Want to see passion, human suffering, redemption and the spilling of innocent blood? Stay home and rent The Pianist.
 
Netzach said:
I don't admire the loyalty to Hitler blood and soil that allowed 10 million people to be put to death under a country's nose nor do I admire the filial loyalty of the sons of people who would have everyone think it didn't happen.


Nor do I which is why I posted it in the first place...make sense? Seems unbelieveable there are still people willing to try and sell this propaganda...and sadder still some will listen and believe it.

Catalina :rose:
 
I'm going to skip the film. The last time I went to a controversial movie about Jesus, I had to endure "The Last Temptation of Christ", which bored me to tears. If I want the story, I've got a perfectly good Bible on my bookshelf.

And Mel's daddy? That's just pitiful and sad.
 
Friday, Feb. 20, 2004
Gibson's Family: Father Tricked Into Interview

When Mel Gibson's 85-year-old father, Hutton, told a New York radio interviewer Wednesday that the Holocaust had been exaggerated and that Jews were trying to rule the world, he had no idea he was speaking on the record, let alone being recorded for broadcast, Gibson family sources tell/

Typical liberal smear tactics. I'm sure you could find someone in my family to say something embarrassing.
 
Typical journalism. There's no such thing as off the record. I'm sure my family would say plenty of racist things, and you know what?

I'd happily discuss the total unacceptability of such statements at length in public, wherever they are coming from.

But you know, liberal Jew controlled media, all that, typical.
 
There are just some things that are sacred cows because they are sacred.

10 million non-combatants were killed by the German government during the 40s in an effort to maintain German ideas of racial purity, 6 of the 10 were Jewish or had Jewish ancestry. When someone calls this a distortion of the Jew-controlled media we're that much closer to a repeat performance.

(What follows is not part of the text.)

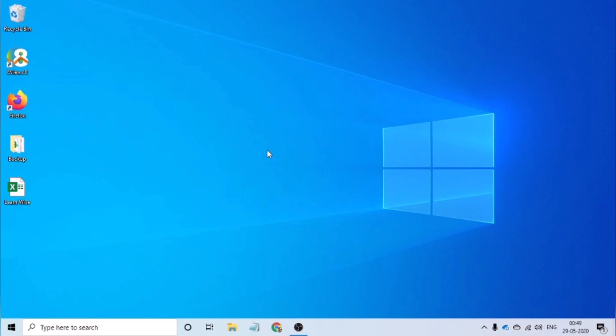Hi everyone, welcome to the LearnWise channel. As part of today's video, we would be covering an introduction to Microsoft Excel.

If you don't have the balls to say that holocaust denial is unacceptable, whether your best friend, father, or little baby sister espouses the insane and dangerous notion, you are part of the problem on some level. If you disagree and feel compelled to stay in the closet about it, I find that potentially even more reprehansible than agreeing.
 
Netzach said:
There are just some things that are sacred cows because they are sacred.

10 million non-combatants were killed by the German government during the 40s in an effort to maintain German ideas of racial purity, 6 of the 10 were Jewish or had Jewish ancestry. When someone calls this a distortion of the Jew-controlled media we're that much closer to a repeat performance.

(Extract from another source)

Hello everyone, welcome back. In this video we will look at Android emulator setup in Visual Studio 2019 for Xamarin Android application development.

If you don't have the balls to say that holocaust denial is unacceptable, whether your best friend, father, or little baby sister espouses the insane and dangerous notion, you are part of the problem on some level. If you disagree and feel compelled to stay in the closet about it, I find that potentially even more reprehansible than agreeing.

Funny, I have the balls to do or say pretty much anything I feel necessary. But I find no problem with Mr. Gibsons desire not to comment negatively on his father.
It has always been my impression that the younger Gibson had very conrete ideas about family, both immediate and otherwise. This would seem to be consistant with that impression.
The nature of the elder Gibsons statement doesn't change this.
Perhaps that is a place where we will disagree. I find Mel Gibson's refusal to comment on his father rather refreshing, for something that is a reflection of what is considered to be an "outdated" attitude.
Remember, my question was not about the facts of Holocaust history, but rather why you assume that he shares a certain attitude.
 
EKVITKAR said:
... But I find no problem with Mr. Gibsons desire not to comment negatively on his father ... I find Mel Gibson's refusal to comment on his father rather refreshing, for something that is a reflection of what is considered to be an "outdated" attitude.
Remember, my question was not about the facts of Holocaust history, but rather why you assume that he shares a certain attitude.
Easy bro. The Holocaust will cause a huge debate whenever it raises its ugly head. i understand honoring your father by not speaking against him, publically or privately. That doesn't mean, however, the acorn falls close to the oak. Mel got put between a rock and a hard place. He did the best he could do in this case ... go mute.

i understand too, many Jews, in both Israel and abroad have stated, or been taught by their parents, "Never again." They have a vested interest in attacking the smallest hint of the Holocaust's denial as a first step of it ever happening again.
 
Unfortunately falling silent while those you admire would see "those people" marched off and shot is not an outdated and charming attitude, but fresh and alive, as is saying nothing when your parent call truth propoganda.

Ask a Bosnian.

I find myself speaking in big absolute dramatic ways on this subject because it's just too important to be quaint about.
 
I have long been fascinated with history, though my dislike of poverty and boredom prevents my return to formal study.
ANd the one distinguishing factor that re-occurs is that human history, and the people that made it, are/were bloody, brutal, cruel, and have had little or no regard for human life.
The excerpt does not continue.